Yesterday there was a mysterious event in Trenton featuring Governor Chris Christie and executives from Caesars Entertainment and MGM. Nothing much was said, but there were some hints at some kind of potential collaboration and investment, with details to be announced soon, the Press of Atlantic City reported. This is interesting. The sixth-most-valuable package of land in Atlantic City (according to 2017 assessments it is worth $153.5 million*) is a parcel in the marina district, including land between the Borgata and Harrah’s (owned by MGM and Caesars respectively). Once upon a time, Steve Wynn had plans for it – the Mirage Atlantic City.
South Jersey Politics
There’s a battle going on between George Norcross’ South Jersey Democrats and their North Jersey brethren over who will lead the State Assembly next year as Speaker. The Philadelphia Inquirer’s Andrew Seidman has the details. Maybe it seems like yet another childish political fight but it should matter to Atlantic County residents at least, since current Speaker Vincent Prieto has not been afraid to cross swords with Norcross’ man in charge of the Senate, Stephen Sweeney, over issues such as the Atlantic City takeover. And if you want more details, read Tuesday’s Politico piece by Matt Friedman on the speaker fight and how the prospect of (independently wealthy) Governor Phil Murphy will do little to water down Norcross’ influence. Crime Reporting
The 2014 disappearance of an Egg Harbor Township man is now being investigated as a homicide after his remains were found this year.
Not enough attention is being paid to “insidious” back-bay flooding, which plagues thousands in New Jersey who live on waterfront areas behind or on the bay side of barrier islands, Wayne Parry reports for the Associated Press. Many studies are being conducted, as government slowly seems to be realizing that flooding from bays is as much of a problem as the somehow sexier beachfront flooding. And municipalities are starting to invest in dredging, pumps and renovating drains. According to the article, Ocean City is also investing in raising roads – something that has not yet had much traction around Longport, Margate, Ventnor and Atlantic City. Downbeach Invasion
Absecon Island’s year-round residents are used to the annual invasion of the Memorial-Day-to-Labor-Day crowds, but it was a little different this weekend in Margate, reported Amy Rosenberg for The Philadelphia Inquirer.

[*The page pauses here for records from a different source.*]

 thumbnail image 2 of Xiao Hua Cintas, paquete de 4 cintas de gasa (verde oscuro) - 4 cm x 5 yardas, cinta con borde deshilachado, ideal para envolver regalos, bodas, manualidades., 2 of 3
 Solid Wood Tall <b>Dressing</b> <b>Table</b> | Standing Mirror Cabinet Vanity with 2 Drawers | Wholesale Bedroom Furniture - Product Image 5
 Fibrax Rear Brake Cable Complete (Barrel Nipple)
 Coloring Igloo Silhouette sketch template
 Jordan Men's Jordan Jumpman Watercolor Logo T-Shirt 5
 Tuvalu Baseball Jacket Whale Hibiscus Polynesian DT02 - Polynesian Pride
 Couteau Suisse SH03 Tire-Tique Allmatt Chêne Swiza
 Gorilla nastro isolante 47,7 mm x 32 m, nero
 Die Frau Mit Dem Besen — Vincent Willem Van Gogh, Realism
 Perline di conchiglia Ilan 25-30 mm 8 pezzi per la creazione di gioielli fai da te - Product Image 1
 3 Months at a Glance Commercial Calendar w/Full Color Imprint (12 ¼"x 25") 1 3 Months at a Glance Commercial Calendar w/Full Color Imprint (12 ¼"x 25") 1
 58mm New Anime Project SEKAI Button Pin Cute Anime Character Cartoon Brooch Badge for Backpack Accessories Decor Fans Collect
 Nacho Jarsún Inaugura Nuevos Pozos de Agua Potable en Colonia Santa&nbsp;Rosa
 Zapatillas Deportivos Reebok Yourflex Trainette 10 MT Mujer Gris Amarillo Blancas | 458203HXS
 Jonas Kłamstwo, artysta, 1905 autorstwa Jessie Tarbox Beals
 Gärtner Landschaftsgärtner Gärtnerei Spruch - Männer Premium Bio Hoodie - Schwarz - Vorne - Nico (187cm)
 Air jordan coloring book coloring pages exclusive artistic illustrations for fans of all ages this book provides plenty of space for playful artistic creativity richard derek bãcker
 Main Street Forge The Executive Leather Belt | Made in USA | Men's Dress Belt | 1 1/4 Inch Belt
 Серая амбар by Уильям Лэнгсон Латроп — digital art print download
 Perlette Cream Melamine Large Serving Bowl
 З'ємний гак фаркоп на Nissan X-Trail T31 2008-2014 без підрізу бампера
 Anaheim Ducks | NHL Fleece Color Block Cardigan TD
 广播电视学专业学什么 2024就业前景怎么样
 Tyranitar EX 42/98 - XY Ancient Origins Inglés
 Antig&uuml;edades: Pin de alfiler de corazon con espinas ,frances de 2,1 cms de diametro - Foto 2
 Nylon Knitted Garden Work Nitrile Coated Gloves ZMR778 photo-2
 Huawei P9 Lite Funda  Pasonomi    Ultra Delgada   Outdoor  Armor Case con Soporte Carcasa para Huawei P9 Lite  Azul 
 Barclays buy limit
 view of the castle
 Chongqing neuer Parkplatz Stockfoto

Here’s a look via NJ.com at the school districts that are likely to lay off staff next year – none are in Atlantic County, but some of South Jersey’s bigger districts are featured. If you’re interested, you might want to revisit our interactive map that showed how immigration is propping up school enrollment in New Jersey, as the wider population exodus from the state continues. PILOT
Tea Party-affiliated activist group Liberty & Prosperity is suing New Jersey over its PILOT (payment in lieu of taxes) agreements with Atlantic City casinos and other big businesses. Lawyer Seth Grossman, who leads the group, likes to call the PILOT peanuts in lieu of taxes. He says the arrangement helps the casinos avoid tax increases in the future, putting the burden on homeowners and small businesses around the county.